Each time I feel like reinstalling Bannerlord to take a look after months of updates I enter this thread and the urge suddenly disappears. It's a kind of magic.
 
Updated list to take into account the things in official release patch 1.0/2.0 which improved/resolved issues from this list, or implemented features:

* Bugfixes and crash fixes.
* Performance improvements.
* Modding improvements.
* New feature: Added voiceovers for greetings and main quest characters.
 
Five Bucks, I'm wondering how you feel looking back at the list. You've seen it change numerous times of course and always kept track of the latest developments and updates.
Are you content with what they've done? Have your biggest issues and gripes been adressed?
 
Five Bucks, I'm wondering how you feel looking back at the list. You've seen it change numerous times of course and always kept track of the latest developments and updates.
Are you content with what they've done?
Thanks for asking. Personally I'm not content with the game in its current state because so many things don't work as intended.
Have your biggest issues and gripes been adressed?
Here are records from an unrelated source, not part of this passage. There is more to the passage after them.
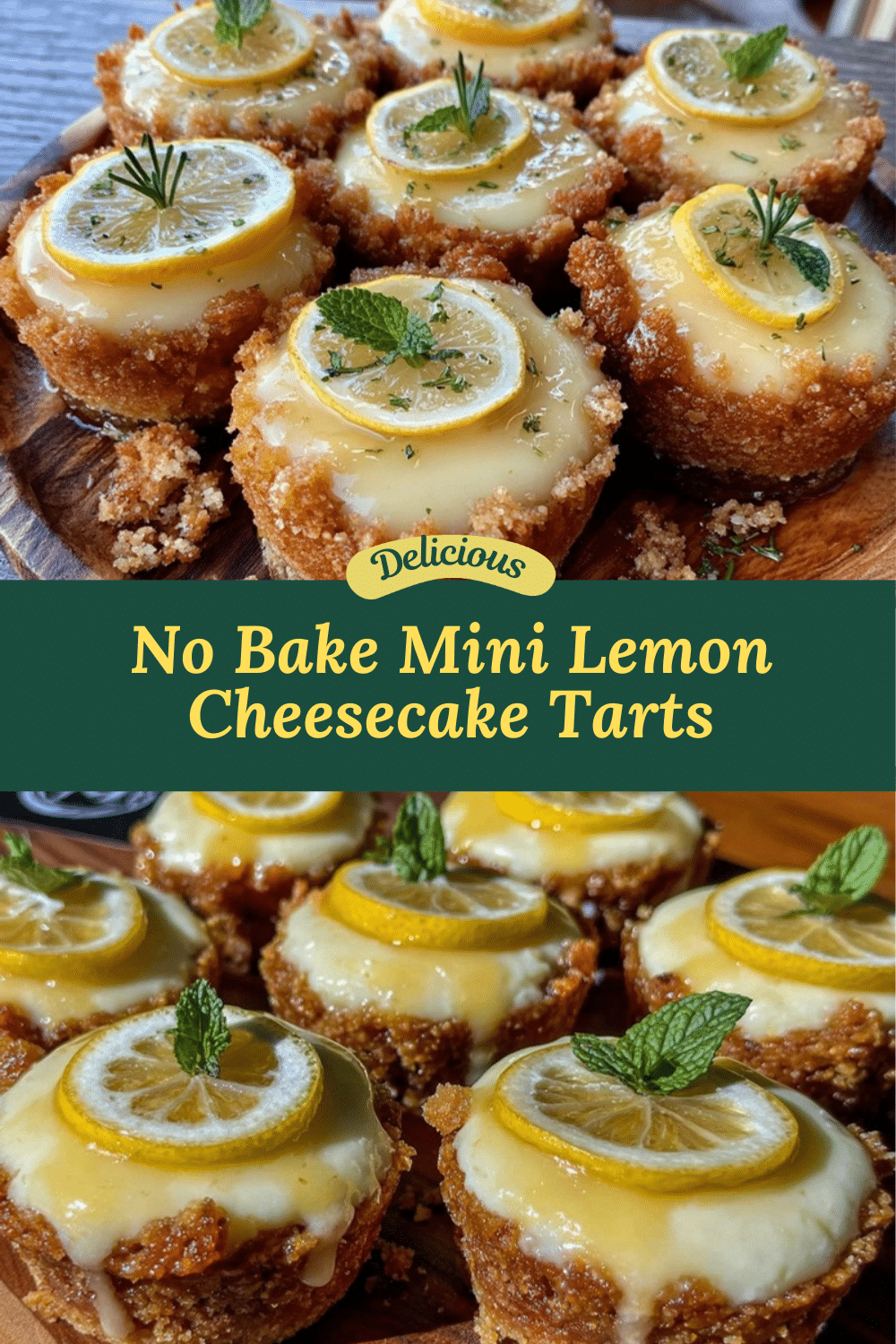 mini lemon cheesecake tarts recipe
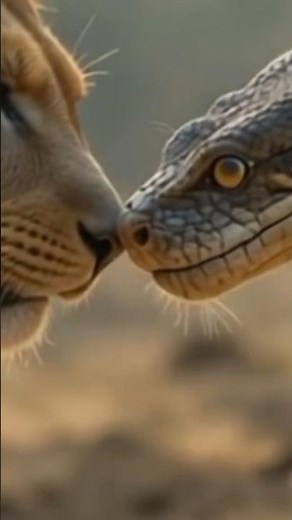python vs lion fight #subscribe #like#shair.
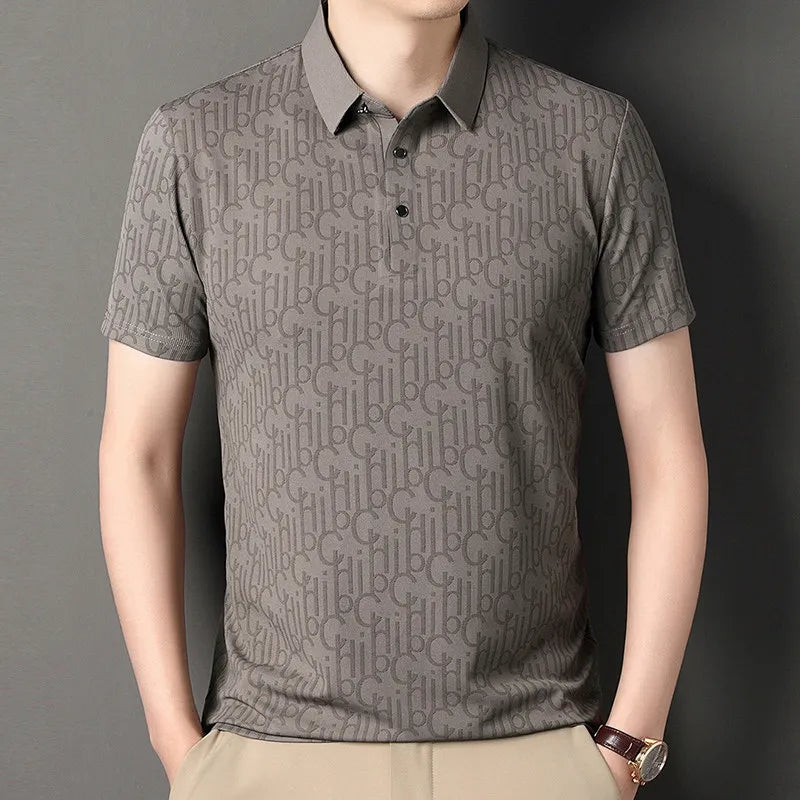 Printed Business Casual Polo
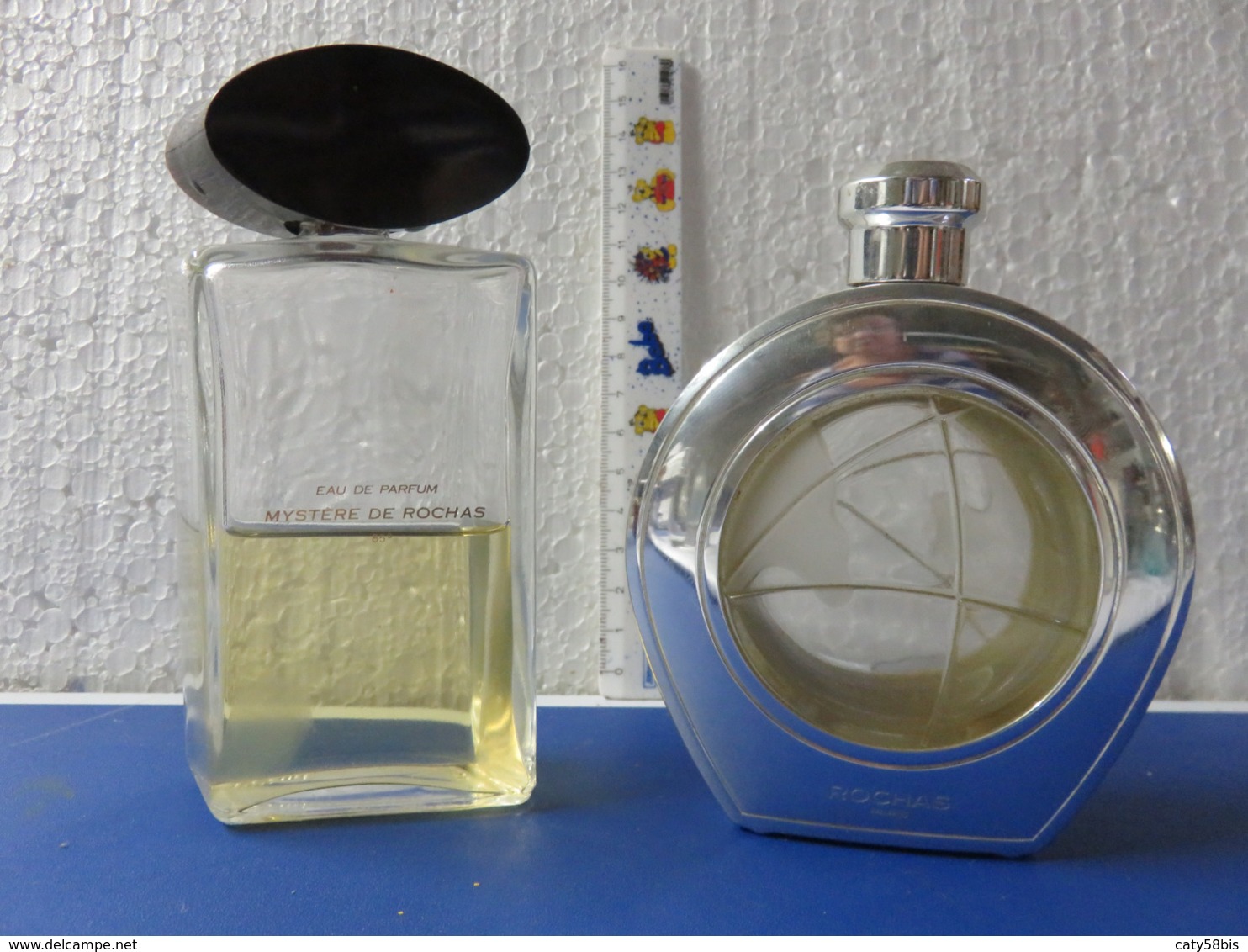 2 Flacon , Mystere,  Globe Rochas - Bottles (empty)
Well, what I wanted from 2013 was for Bannerlord to just be an all-around better version of Warband, and that seemingly very simple expectation hasn't been met. I've come to terms with the fact that Bannerlord will still be missing quite a few Warband features - at least they got half the ones in that were missing at launch. If it's at least a good game in itself I can be OK with it being a bad sequel. But the amount of things wrong with its featurebase currently is not OK.